Nasibmu Gus, Gus….
Nasibmu Gus, Gus….
Usai Prabowo membentuk dan mengumumkan Koalisi Indonesia Maju, yang mengidentikan diri dengan Kabinet Indonesia Maju, Muhaimin merasa ditendang oleh Prabowo. Kesempatan ini dibaca dengan baik oleh Surya Paloh, yang sepanjang tahun pusing menentukan cawapres untuk jagoannya.
Mengapa sih begitu sulit bagi AHY untuk dijadikan pasangan untuk Koalisi Perubahan itu?
Satu, suara Demokrat tidak sangat signifikan untuk bisa “mengatur,” memaksa bahwa AHY harus cawapres. Berbeda dengan PKB yang lebih gede, jelas lebih meyakinkan, jika Cak Imin mau menjadi calon RI2, dibandingkan AHY
Dua, suara dan kepopuleran AHY tidak juga banyak beranjak, masih segitu-segitu saja. Hanya survey internalnya saja yang mengatakan sangat tinggi. Padahal realitas bahwa survey juga menempatkan posisi Anies Baswedan terlalu jauh dengan dua kandidat lain. Mau, tidak mau koalisi harus mendapatkan calon wakil yang cukup kuat.
Tiga, sikap Demokrat yang sering abu-abu ketika berbicara kebersamaan, focus hanya pada kepentingan sendiri, membuat partai lain, ogah untuk mengalah dan memahami sikap demikian.
Jargon netral yang bisa juga diartikan enggan bekerja keras, faktanya juga mendukung Prabowo, namun tidak sepenuh hati dalam kampanye dan Bahasa tubuhnya di dalam kebersamaan mereka. Bisa dicek bagaimana SBY muram, bahkan cemberut ketika ada ada acara bareng-bareng.
Empat, elit Demokrat dan juga AHY sepanjang pemerintahan Jokowi nyinyir terus mengenai utang negara, infrastruktur, tata pemerintahan, padahal public sangat puas hingga 80%, itu mau dinegasi oleh mereka. Malah menjadi bumerang.
Pun banyak demo-demo yang bertendensi ada peran mereka. Demo UU Ciptaker, penolakan pengesahan UU yang sangat mendesak, seperti UU PKS, mereka menolak. Public tahu dan paham, apa yang ada dalam pemikiran Demokrat itu.

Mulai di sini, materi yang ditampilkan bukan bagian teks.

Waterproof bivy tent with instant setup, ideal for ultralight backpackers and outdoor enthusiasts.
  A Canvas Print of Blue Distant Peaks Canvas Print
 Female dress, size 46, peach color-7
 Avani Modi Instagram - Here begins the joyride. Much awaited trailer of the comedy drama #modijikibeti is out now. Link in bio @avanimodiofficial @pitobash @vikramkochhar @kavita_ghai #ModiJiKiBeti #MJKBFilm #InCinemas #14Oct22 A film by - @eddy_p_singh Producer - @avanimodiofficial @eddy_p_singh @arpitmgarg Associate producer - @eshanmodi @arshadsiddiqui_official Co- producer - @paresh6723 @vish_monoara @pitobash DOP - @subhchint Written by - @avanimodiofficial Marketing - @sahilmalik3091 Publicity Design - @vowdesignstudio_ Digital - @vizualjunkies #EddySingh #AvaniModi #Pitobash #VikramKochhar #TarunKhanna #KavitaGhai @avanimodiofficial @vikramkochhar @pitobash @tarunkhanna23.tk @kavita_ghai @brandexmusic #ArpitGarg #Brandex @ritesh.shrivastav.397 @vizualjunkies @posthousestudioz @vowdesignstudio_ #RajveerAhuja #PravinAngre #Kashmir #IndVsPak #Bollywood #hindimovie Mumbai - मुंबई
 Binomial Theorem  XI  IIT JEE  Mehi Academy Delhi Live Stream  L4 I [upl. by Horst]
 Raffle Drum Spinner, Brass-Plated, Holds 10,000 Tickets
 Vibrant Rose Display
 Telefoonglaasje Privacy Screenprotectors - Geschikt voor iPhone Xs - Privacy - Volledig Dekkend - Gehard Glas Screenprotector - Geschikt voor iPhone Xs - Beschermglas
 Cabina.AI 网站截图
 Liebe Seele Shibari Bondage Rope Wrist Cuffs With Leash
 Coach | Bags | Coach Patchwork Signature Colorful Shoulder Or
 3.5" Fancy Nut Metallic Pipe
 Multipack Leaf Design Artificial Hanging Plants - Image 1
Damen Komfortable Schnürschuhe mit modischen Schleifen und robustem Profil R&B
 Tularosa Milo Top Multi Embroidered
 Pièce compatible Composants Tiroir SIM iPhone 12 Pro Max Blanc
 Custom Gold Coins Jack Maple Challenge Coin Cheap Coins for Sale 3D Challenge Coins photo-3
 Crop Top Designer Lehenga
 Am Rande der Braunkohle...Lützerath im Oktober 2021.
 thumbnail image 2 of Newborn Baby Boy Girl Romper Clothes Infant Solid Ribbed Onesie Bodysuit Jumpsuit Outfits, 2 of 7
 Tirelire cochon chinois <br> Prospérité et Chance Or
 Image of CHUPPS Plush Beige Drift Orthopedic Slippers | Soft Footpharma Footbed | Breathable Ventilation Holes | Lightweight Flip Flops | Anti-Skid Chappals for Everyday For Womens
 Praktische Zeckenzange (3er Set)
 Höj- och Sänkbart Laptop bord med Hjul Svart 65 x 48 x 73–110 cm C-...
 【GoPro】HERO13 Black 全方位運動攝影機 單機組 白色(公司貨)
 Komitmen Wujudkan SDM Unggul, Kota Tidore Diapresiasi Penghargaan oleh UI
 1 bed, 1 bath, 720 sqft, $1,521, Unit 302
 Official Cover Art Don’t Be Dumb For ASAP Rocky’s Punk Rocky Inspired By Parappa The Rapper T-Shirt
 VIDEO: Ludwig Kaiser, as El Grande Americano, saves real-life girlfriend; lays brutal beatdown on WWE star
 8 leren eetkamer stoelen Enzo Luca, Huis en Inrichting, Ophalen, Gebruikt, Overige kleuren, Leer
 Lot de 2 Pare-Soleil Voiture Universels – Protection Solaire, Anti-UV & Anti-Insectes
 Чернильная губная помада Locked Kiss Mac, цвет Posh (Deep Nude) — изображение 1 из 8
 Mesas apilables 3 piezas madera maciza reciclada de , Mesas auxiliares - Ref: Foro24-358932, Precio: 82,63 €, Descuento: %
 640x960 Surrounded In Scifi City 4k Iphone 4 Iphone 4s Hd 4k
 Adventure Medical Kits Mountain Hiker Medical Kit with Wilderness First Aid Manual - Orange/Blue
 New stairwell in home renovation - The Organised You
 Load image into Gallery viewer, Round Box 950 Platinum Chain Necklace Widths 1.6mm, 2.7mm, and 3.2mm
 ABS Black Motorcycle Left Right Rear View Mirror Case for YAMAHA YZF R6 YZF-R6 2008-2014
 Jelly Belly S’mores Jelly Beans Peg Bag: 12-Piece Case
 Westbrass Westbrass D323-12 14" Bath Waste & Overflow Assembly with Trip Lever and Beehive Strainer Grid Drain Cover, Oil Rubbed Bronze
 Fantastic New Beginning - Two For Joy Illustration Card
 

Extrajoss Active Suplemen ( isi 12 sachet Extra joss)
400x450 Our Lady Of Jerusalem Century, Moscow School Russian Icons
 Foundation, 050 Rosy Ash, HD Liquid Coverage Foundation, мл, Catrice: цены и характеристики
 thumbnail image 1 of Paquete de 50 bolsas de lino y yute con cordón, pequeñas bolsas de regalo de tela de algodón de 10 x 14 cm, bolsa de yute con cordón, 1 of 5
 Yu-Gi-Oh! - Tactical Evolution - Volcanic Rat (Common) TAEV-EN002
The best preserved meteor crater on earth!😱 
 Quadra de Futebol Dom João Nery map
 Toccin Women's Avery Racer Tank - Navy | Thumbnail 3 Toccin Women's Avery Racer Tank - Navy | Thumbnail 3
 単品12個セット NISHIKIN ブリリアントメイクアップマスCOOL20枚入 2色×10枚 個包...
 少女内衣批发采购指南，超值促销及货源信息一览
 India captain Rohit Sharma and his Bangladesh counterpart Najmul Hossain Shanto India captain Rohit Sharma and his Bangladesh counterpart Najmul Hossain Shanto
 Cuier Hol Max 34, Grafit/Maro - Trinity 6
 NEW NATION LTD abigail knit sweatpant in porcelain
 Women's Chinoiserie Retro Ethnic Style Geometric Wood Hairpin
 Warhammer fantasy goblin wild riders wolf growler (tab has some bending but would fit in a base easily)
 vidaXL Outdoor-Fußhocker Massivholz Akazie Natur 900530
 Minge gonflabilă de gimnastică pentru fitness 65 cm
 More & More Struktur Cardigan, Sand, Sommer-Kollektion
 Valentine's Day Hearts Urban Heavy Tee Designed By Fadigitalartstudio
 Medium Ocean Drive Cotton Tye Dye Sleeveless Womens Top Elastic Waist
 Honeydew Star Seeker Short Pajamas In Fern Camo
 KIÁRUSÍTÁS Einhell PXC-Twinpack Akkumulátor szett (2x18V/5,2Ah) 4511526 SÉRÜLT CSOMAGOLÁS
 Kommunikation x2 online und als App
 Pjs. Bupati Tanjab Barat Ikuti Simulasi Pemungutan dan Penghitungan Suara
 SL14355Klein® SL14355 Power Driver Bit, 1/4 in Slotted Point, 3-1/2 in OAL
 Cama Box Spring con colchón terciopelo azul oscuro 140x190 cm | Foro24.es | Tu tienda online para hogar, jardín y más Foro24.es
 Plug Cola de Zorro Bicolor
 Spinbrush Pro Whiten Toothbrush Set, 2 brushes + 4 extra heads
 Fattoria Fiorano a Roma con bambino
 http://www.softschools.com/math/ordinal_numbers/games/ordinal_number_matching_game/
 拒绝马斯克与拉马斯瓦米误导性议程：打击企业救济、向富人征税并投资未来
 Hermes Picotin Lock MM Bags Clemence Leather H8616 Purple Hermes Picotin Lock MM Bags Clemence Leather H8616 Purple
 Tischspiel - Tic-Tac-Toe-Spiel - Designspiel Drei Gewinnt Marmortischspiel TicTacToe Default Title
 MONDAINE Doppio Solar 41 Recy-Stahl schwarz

Lima, sikap kritis AHY dan juga elit Demokrat hanya demi kepentingan Cikeas, bukan bangsa dan negara. Lihat saja sikap mereka atas sikap intoleran, korupsi, dan juga kelompok ultrakanan mereka diam. Mengapa membiarkan? Karena mereka bersama-sama, mengharapkan dukungan.
Enam, pembiaran kader dan elit mereka untuk menjadi seolah oposan, kritis, namun isinya jauh dari kritikan. Cenderung nyinyir dan sering ngehoax. Termasuk di dalamnya AHY. Bagaimana model demikian mau menjadi pemimpin, Ketika tidak bisa membaca data dengan baik. Masyarakat makin cerdas, mereka diam di tempat, mundur bahkan.
Tujuh, bayang-bayang SBY yang sangat dominan, membuat ketum partai ogah berurusan dengan anak bawang yang susah lepas dari bayangan pepo. Lihat saja bagaimana AHY selama ini selalu di ketiak SBY.
Delapan, struktur organisasi Demokrat yang kacau balau membuat public dan parpol juga jengah. Bagaimana bisa kakak, adik, bapak menjadi penentu dalam sebuah organisasi. Mirip kerajaan Cikeas, dari pada partai politik.
Sembilan, AHY justru dirusak oleh pepo dan memo dengan model memberikan jabatan ketua umum. Kader bukan, langsung menjadi ketua. Mayan Ibas yang jadi ketum, dan AHY dalam posisi capres atau cawapres itu lebih baik. Wong nyatakan Ibas yang lama di Demokrat.